-- Goal of the exercise --
Beginning with the top line of the listing below, give again every line up to and including the line with "Buzos de la"; pictures do not belong in the copy.

-- Dataset entries --
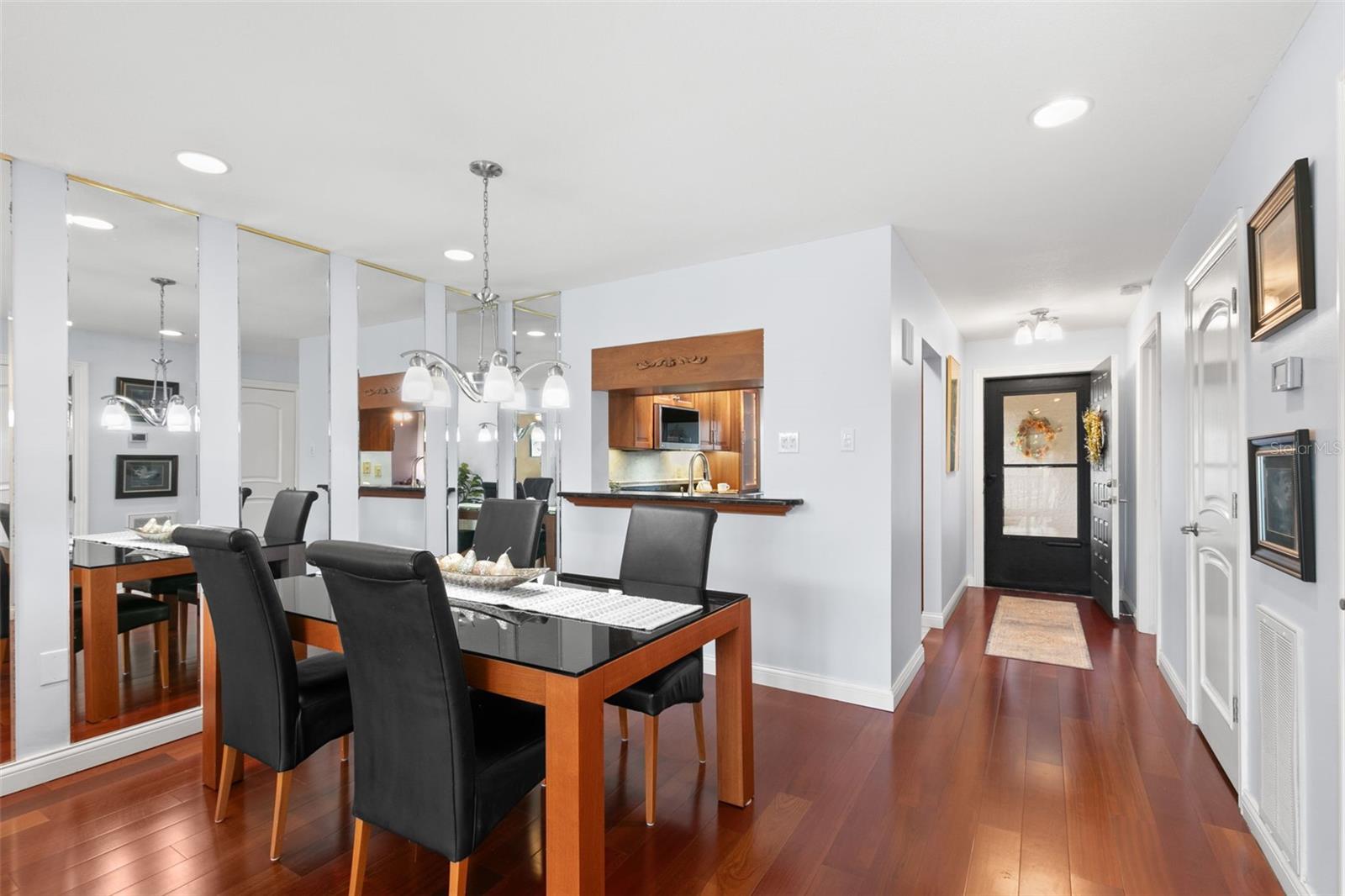 Dining Room with pass through breakfast bar into kitchen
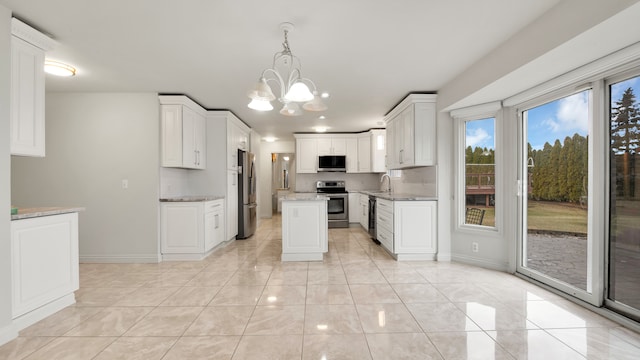 kitchen featuring a sink, white cabinetry, appliances with stainless steel finishes, an inviting chandelier, and light stone countertops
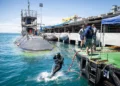 Buzos de la Marina de Estados Unidos y de Australia trabajan bajo el casco del USS Vermont durante un periodo de mantenimiento.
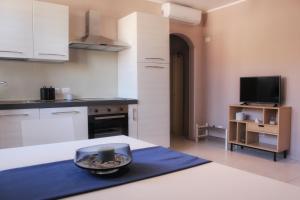 a kitchen with white cabinets and a blue counter top at Villa Carina in Massa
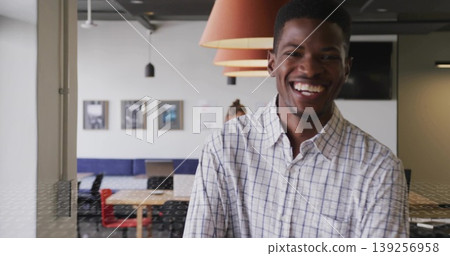Smiling checkered shirt man standing in office with furniture, lamps, photos, monitor, copy space 139256958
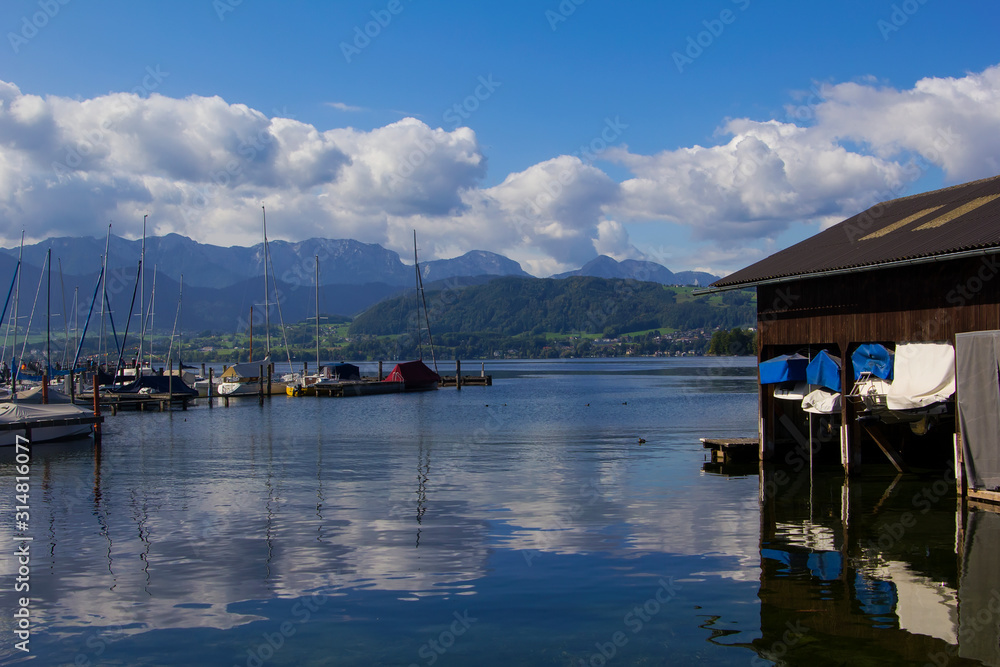 background view of a boat shed and yachts on the water on Lake Traunsee in the vicinity of Gmunden, Austria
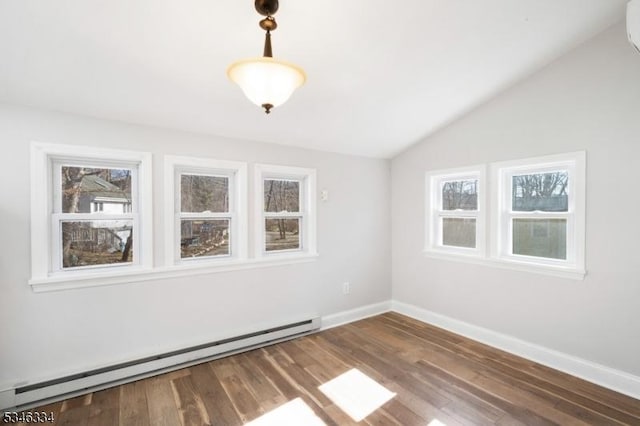 unfurnished room featuring dark wood-type flooring, lofted ceiling, a wealth of natural light, and a baseboard heating unit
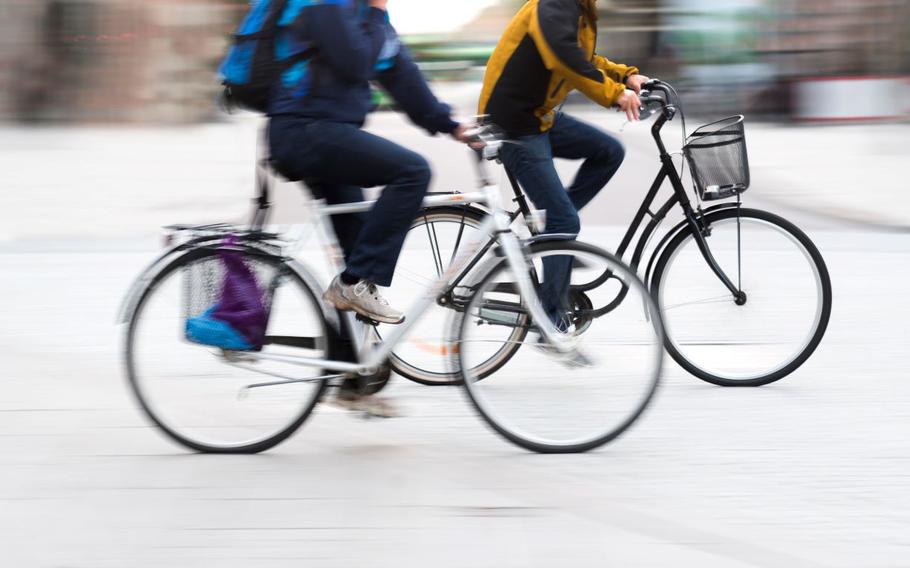 Two young men on bicycles in blurred motion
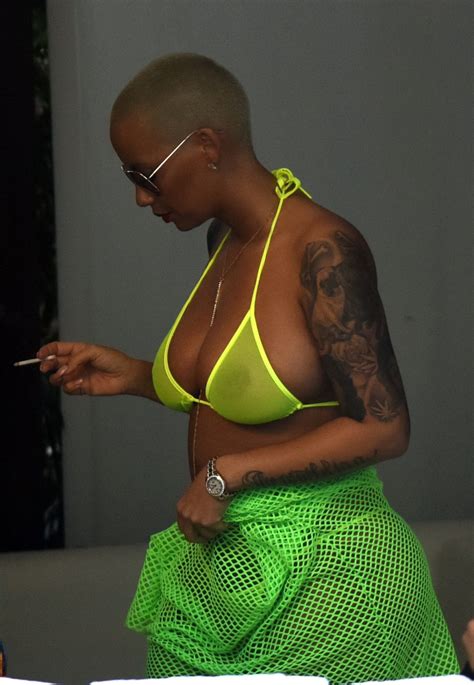 Amber Rose Shows Off Her Big Boobs And Ass Wearing A See Through Yellow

-- Output below --
 Dining Room with pass through breakfast bar into kitchen
 kitchen featuring a sink, white cabinetry, appliances with stainless steel finishes, an inviting chandelier, and light stone countertops
 Buzos de la Marina de Estados Unidos y de Australia trabajan bajo el casco del USS Vermont durante un periodo de mantenimiento.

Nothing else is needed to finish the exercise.